Consider the listing below. Extract exactly the lines from the line containing "Kuscheliger Hoodie mit" to the line containing "Car Garbage Bags", both included.

EXCERPTED RECORDS:
|---|

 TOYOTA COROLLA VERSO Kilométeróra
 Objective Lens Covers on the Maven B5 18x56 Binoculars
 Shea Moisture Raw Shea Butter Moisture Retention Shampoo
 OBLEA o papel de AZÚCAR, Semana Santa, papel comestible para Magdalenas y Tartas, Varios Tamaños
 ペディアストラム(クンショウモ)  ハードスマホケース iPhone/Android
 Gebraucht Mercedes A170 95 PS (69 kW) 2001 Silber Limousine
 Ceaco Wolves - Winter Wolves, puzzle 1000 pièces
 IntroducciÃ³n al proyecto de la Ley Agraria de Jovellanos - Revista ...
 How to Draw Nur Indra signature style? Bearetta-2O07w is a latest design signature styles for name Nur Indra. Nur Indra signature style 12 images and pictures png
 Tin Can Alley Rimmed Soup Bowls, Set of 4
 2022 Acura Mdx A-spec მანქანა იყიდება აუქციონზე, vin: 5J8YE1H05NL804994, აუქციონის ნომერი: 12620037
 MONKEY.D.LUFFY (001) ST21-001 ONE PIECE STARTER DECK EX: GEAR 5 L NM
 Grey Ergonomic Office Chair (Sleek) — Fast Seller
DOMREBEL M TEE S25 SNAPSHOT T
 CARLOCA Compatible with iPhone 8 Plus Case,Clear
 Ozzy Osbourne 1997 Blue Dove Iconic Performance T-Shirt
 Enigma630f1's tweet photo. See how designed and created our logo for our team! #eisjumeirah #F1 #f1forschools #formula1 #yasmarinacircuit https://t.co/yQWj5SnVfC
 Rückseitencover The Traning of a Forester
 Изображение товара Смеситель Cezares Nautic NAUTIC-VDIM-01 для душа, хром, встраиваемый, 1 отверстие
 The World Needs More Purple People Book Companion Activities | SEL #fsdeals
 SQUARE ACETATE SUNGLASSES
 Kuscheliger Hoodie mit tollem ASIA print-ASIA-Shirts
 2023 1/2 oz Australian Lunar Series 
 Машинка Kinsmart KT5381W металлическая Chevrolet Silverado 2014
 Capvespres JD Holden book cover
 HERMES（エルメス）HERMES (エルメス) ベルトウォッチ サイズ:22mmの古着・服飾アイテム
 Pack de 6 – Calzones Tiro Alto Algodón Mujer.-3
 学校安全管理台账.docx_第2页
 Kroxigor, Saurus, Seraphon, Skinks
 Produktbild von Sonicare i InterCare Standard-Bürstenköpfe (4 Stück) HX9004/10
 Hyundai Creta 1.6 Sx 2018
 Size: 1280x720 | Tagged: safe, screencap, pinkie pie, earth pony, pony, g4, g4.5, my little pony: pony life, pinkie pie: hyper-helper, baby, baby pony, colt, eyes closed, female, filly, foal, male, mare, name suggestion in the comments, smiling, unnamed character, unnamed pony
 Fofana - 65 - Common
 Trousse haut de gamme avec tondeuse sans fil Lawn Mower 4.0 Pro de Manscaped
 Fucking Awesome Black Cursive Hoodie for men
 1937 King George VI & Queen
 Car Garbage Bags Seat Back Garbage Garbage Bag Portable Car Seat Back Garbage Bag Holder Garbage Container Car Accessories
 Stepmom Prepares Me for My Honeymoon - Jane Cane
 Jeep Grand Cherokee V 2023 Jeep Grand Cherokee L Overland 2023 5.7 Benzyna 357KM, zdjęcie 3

|---|

REPLY TO THE EXERCISE:
 Kuscheliger Hoodie mit tollem ASIA print-ASIA-Shirts
 2023 1/2 oz Australian Lunar Series 
 Машинка Kinsmart KT5381W металлическая Chevrolet Silverado 2014
 Capvespres JD Holden book cover
 HERMES（エルメス）HERMES (エルメス) ベルトウォッチ サイズ:22mmの古着・服飾アイテム
 Pack de 6 – Calzones Tiro Alto Algodón Mujer.-3
 学校安全管理台账.docx_第2页
 Kroxigor, Saurus, Seraphon, Skinks
 Produktbild von Sonicare i InterCare Standard-Bürstenköpfe (4 Stück) HX9004/10
 Hyundai Creta 1.6 Sx 2018
 Size: 1280x720 | Tagged: safe, screencap, pinkie pie, earth pony, pony, g4, g4.5, my little pony: pony life, pinkie pie: hyper-helper, baby, baby pony, colt, eyes closed, female, filly, foal, male, mare, name suggestion in the comments, smiling, unnamed character, unnamed pony
 Fofana - 65 - Common
 Trousse haut de gamme avec tondeuse sans fil Lawn Mower 4.0 Pro de Manscaped
 Fucking Awesome Black Cursive Hoodie for men
 1937 King George VI & Queen
 Car Garbage Bags Seat Back Garbage Garbage Bag Portable Car Seat Back Garbage Bag Holder Garbage Container Car Accessories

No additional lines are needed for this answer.